WHAT IS EXPECTED |
Starting at the line that contains "Merry Christmas sign" and stopping at the line that contains "Los refugiados palestinos", restate each line of the records below exactly. Omit the pictures.

ENTRIES SHOWN |
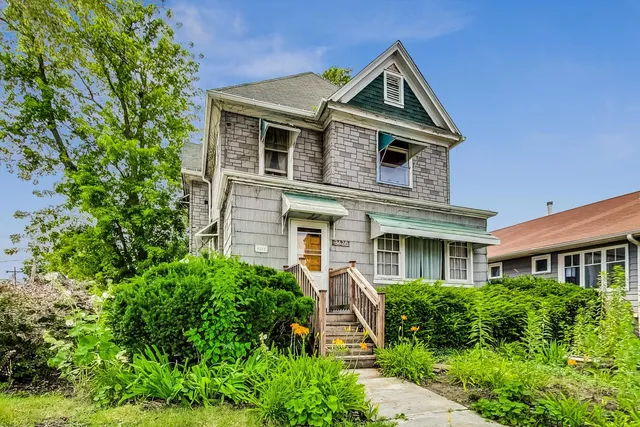 a front view of a house with a yard and potted plants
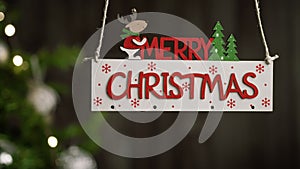 Merry Christmas sign hanging with tree on the background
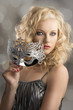 blonde girl with silver mask turned of three quarters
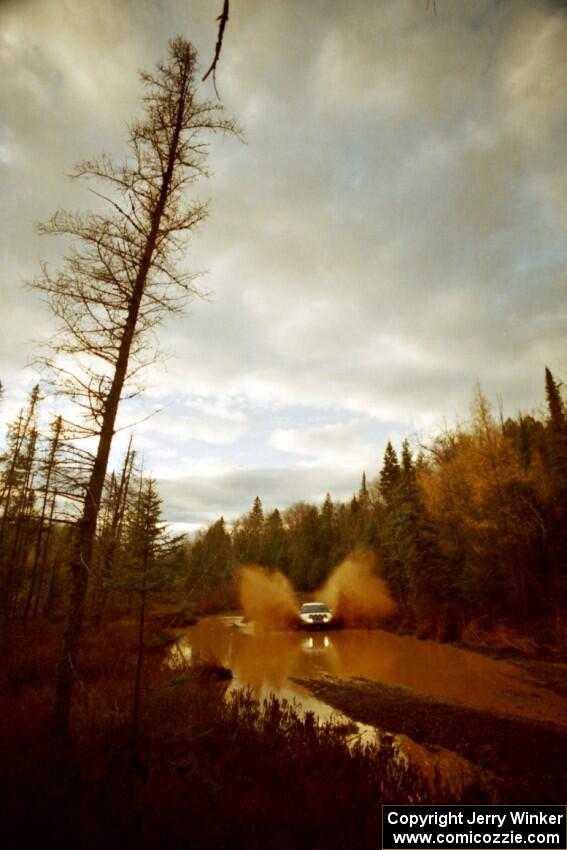 Micah Wiitala / Jane Wiitala Saturn SL2 at the midpoint water crossing on SS2, Herman.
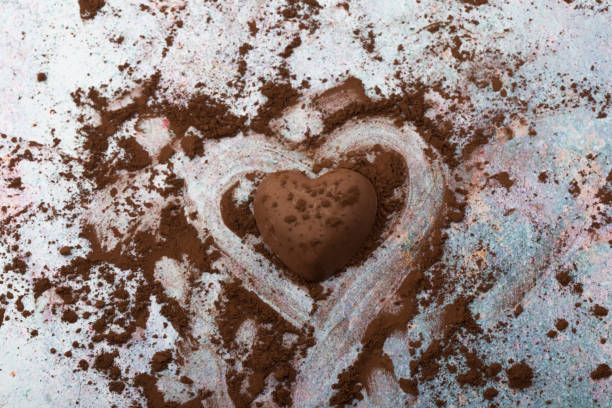 istock heart shaped chocolate isolated on white background. 1291909026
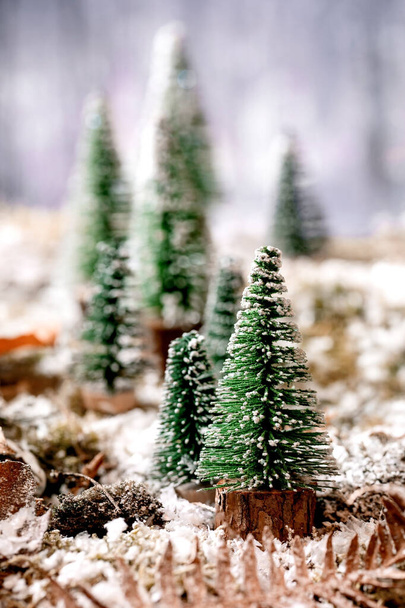 Christmas or New Year greeting card with decorative Christmas trees on snow covered moss with winter forest at background. Xmas holidays atmosphere - Foto, imagen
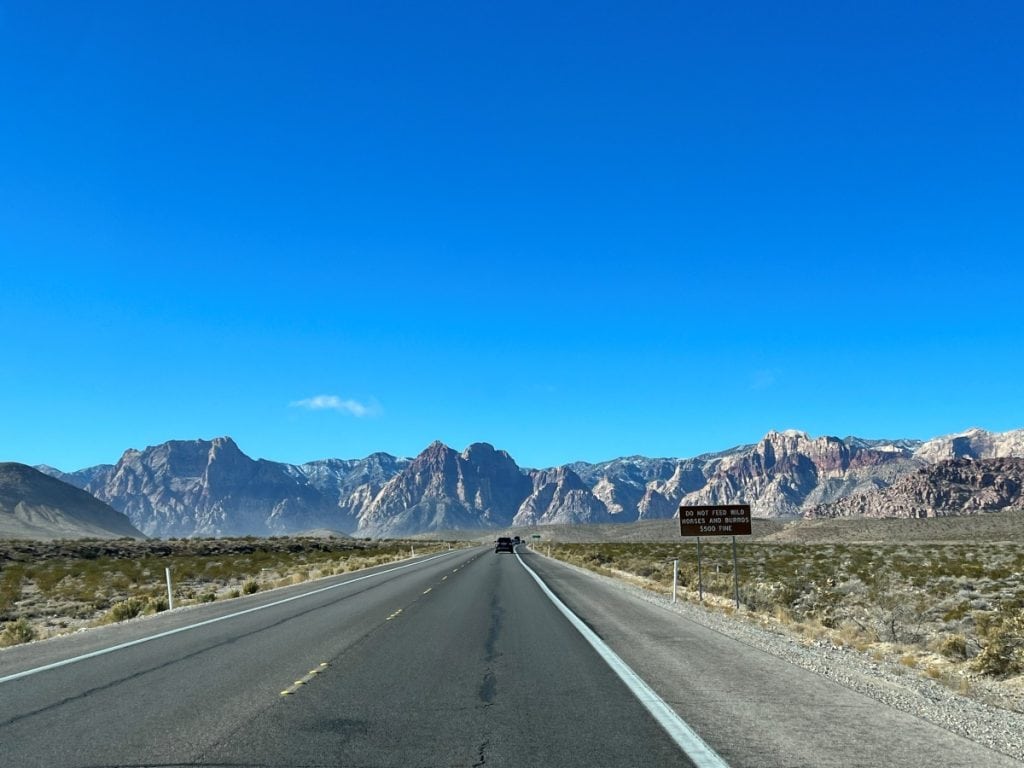 scenic drive from Las Vegas to Red Rock Canyon with mountains in the background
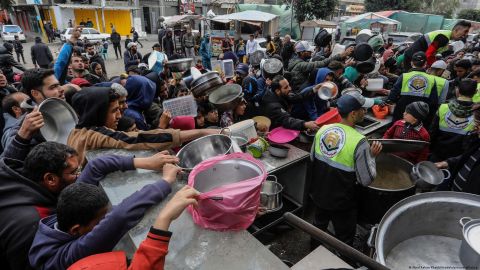 Los refugiados palestinos sostienen cuencos vacíos mientras intentan alcanzar los alimentos distribuidos por voluntarios en Rafah.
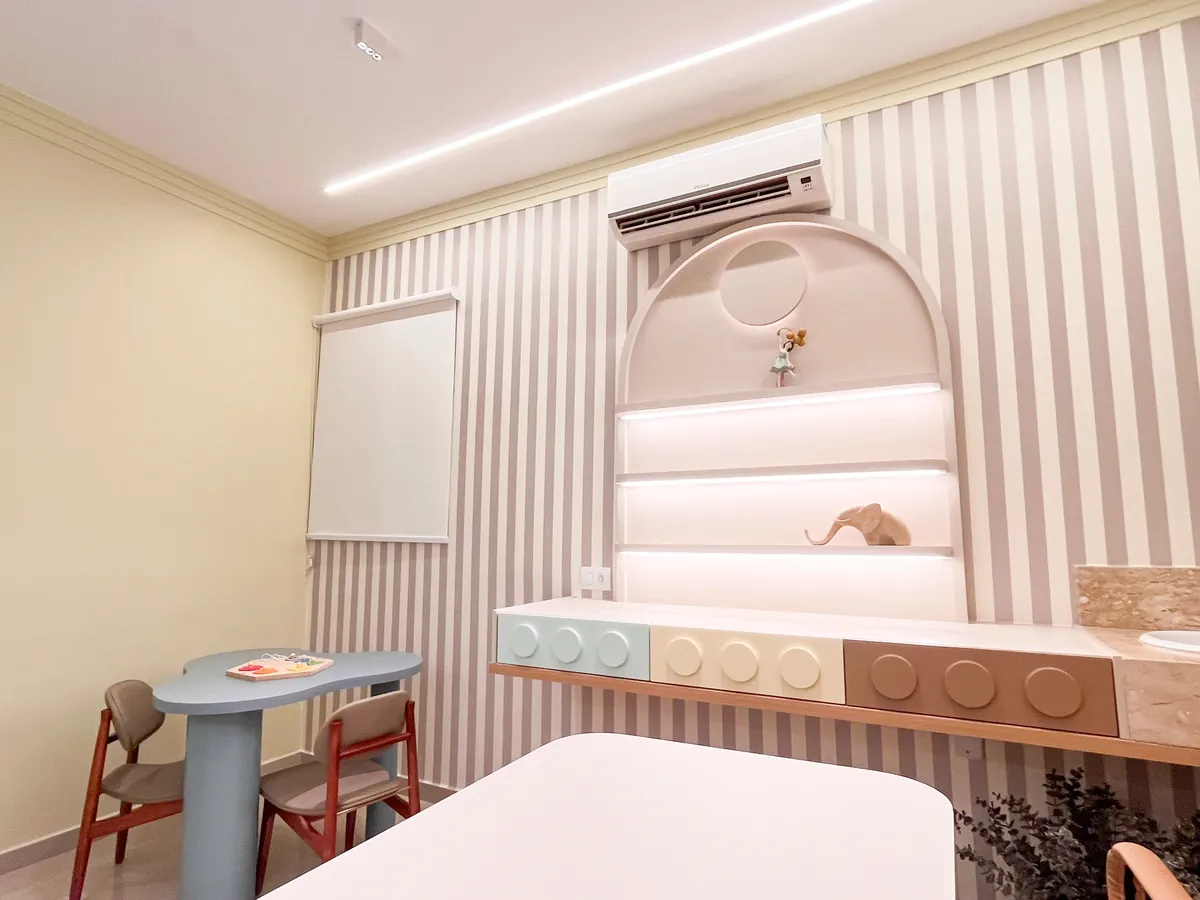 Consultório infantil com mesinha em forma de nuvem, cadeiras, bancada com gavetas e prateleiras iluminadas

SOLUTION TO THIS EXERCISE |
 Merry Christmas sign hanging with tree on the background
 blonde girl with silver mask turned of three quarters
 Micah Wiitala / Jane Wiitala Saturn SL2 at the midpoint water crossing on SS2, Herman.
 istock heart shaped chocolate isolated on white background. 1291909026
 Christmas or New Year greeting card with decorative Christmas trees on snow covered moss with winter forest at background. Xmas holidays atmosphere - Foto, imagen
 scenic drive from Las Vegas to Red Rock Canyon with mountains in the background
 Los refugiados palestinos sostienen cuencos vacíos mientras intentan alcanzar los alimentos distribuidos por voluntarios en Rafah.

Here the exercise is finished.